## TASK PROMPT
Your answer must consist solely of the line containing "Item preview, Swiss" and all subsequent lines through the end of the entries, reproduced exactly.

## INFORMATION SHOWN
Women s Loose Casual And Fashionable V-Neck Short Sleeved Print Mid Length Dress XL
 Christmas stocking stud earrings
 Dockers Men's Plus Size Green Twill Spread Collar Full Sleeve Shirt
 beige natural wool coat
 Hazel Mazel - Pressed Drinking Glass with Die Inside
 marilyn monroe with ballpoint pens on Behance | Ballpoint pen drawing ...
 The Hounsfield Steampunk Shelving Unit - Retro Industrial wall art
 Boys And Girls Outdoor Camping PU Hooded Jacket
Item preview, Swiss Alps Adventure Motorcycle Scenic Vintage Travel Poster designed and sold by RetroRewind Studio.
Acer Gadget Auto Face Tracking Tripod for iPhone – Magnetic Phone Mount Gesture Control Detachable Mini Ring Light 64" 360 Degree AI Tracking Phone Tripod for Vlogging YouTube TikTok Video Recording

## SOLVED EXERCISE
Item preview, Swiss Alps Adventure Motorcycle Scenic Vintage Travel Poster designed and sold by RetroRewind Studio.
Acer Gadget Auto Face Tracking Tripod for iPhone – Magnetic Phone Mount Gesture Control Detachable Mini Ring Light 64" 360 Degree AI Tracking Phone Tripod for Vlogging YouTube TikTok Video Recording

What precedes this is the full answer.